7 Intro to Statistical Inference
The objective of statistics is to make inferences about a population based on information contained in a sample. The most common type of inference is inference about population parameters. Under our framework, the population is a probability distribution. Observations are realizations of random variables generated from that distribution.
Sometimes we are interested in the entire distribution. More often, however, we focus on specific features of that distribution — numerical summaries that characterize important aspects of the population. These features are called parameters. In many applications, the primary parameter of interest is the population mean.
The transition from probability to statistics can be summarized as follows:
- Probability: The distribution is known; outcomes are random.
- Statistics: Outcomes are observed; the distribution (or its parameters) is unknown.
In this course, we will approach statistical inference using a computational and simulation-based framework. Rather than beginning with formulas, we will begin with data-generating mechanisms and repeated sampling experiments in R. This approach emphasizes intuition, variability, and the behavior of statistics across repeated samples.
7.1 From Probability to Statistics: A Simulation Perspective
In probability, we assume a distribution and compute properties such as expectations and variances.
In statistics, we reverse the direction:
- Assume data arise from an unknown distribution.
- Observe one sample.
- Use that sample to learn about the underlying distribution.
We can understand this transition by simulating a known population and pretending we do not know its parameters.
set.seed(123)
# Define a population distribution
mu_pop <- 50
sd_pop <- 10
# Generate a large population
population <- rnorm(100000, mean = mu_pop, sd = sd_pop)
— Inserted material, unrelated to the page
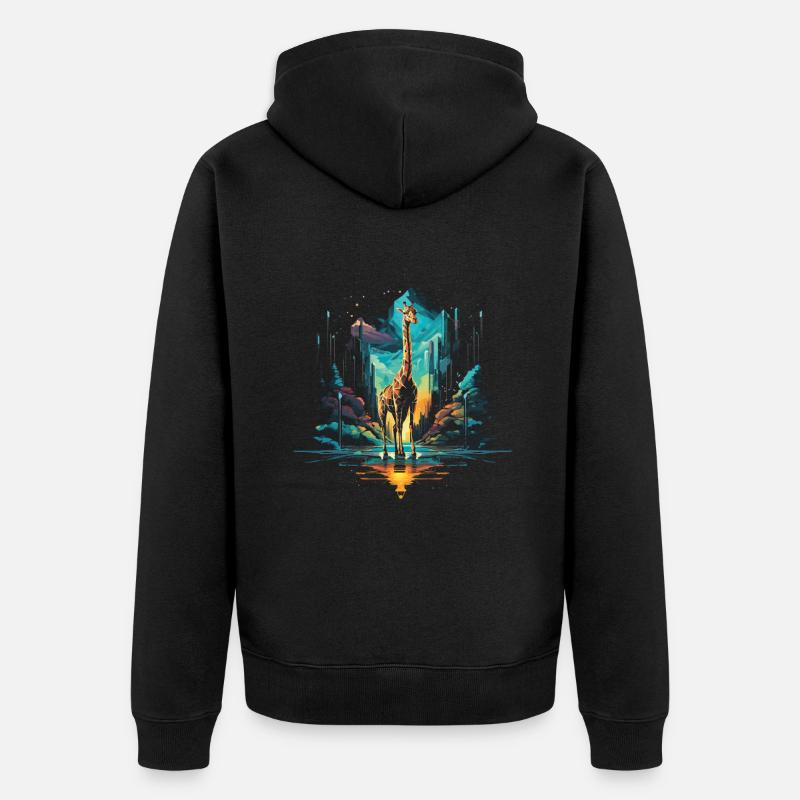 Girafe, Animaux, Faune - Veste à capuche bio Premium Unisexe - noir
mean(population)## [1] 50.00977
## [1] 9.997334
In practice, we do not have access to the full population. We only observe a sample.
## [1] 50.80728
## [1] 9.218034
The population mean is fixed. The sample mean varies from sample to sample. That variability is the foundation of statistical inference.
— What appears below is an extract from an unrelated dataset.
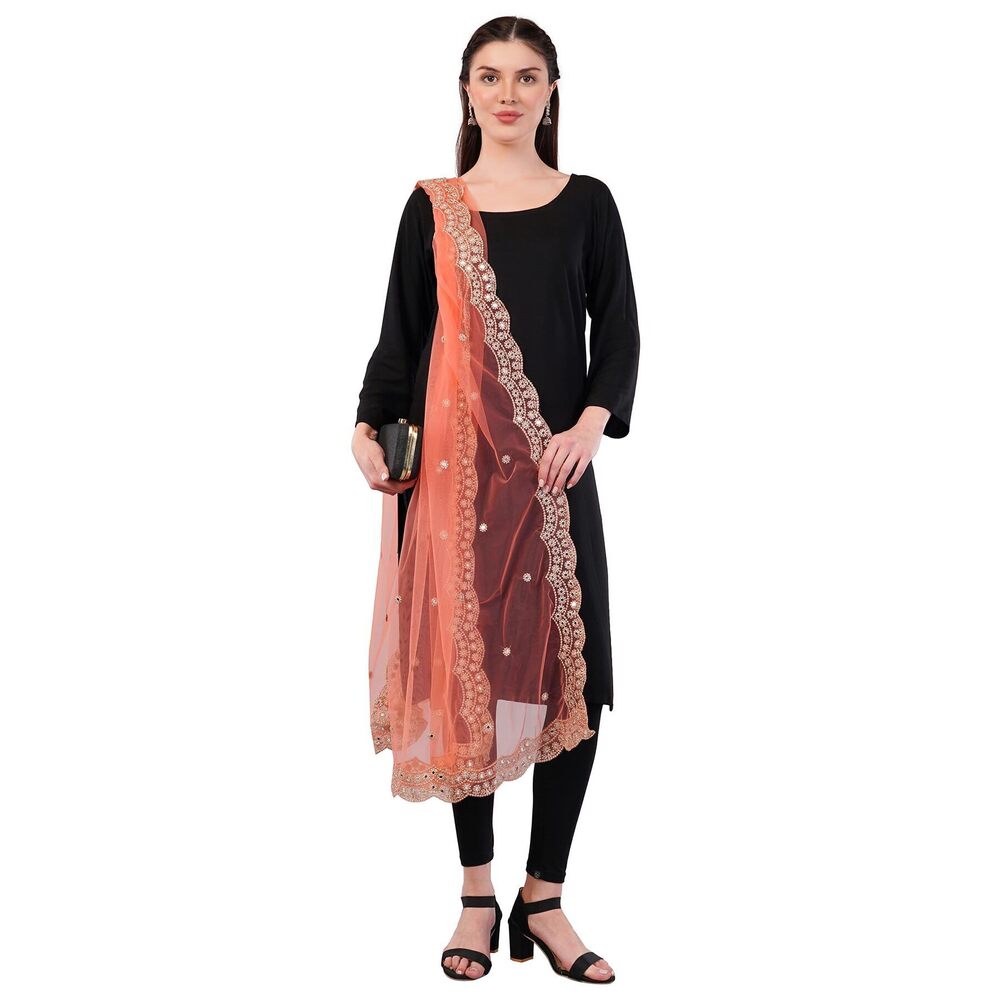 2989 Scalloped Cutwork Net Dupatta, Lightweight And Sheer Shawl, Scarf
7.2 Objectives of Statistical Inference
Statistical inference seeks to answer questions about unknown population parameters using observed data.
Broadly speaking, the objectives are:
- To estimate unknown parameters.
- To quantify the uncertainty of those estimates.
- To evaluate competing claims about parameters.
- Studying relationships between variables.
- Make predictions about future observations.
We begin with estimation.
7.2.1 Estimation
Estimation refers to using sample data to approximate unknown population parameters.
Let the population mean be denoted by μ. We observe a sample and compute the sample mean x̄. The sample mean is a statistic — a random variable that depends on the observed data.
Estimation asks:
- How close is x̄ to μ?
- How variable is x̄ across repeated samples?
We explore these questions computationally.
set.seed(123)
n <- 50
num_rep <- 2000
sample_means <- replicate(num_rep, {
mean(sample(population, size = n))
})
hist(sample_means, probability = TRUE,
main = "Sampling Distribution of the Sample Mean",
xlab = "Sample Mean")
abline(v = mu_pop, col = "red", lwd = 2)
The histogram shows the sampling distribution of the sample mean. The red line indicates the true population mean.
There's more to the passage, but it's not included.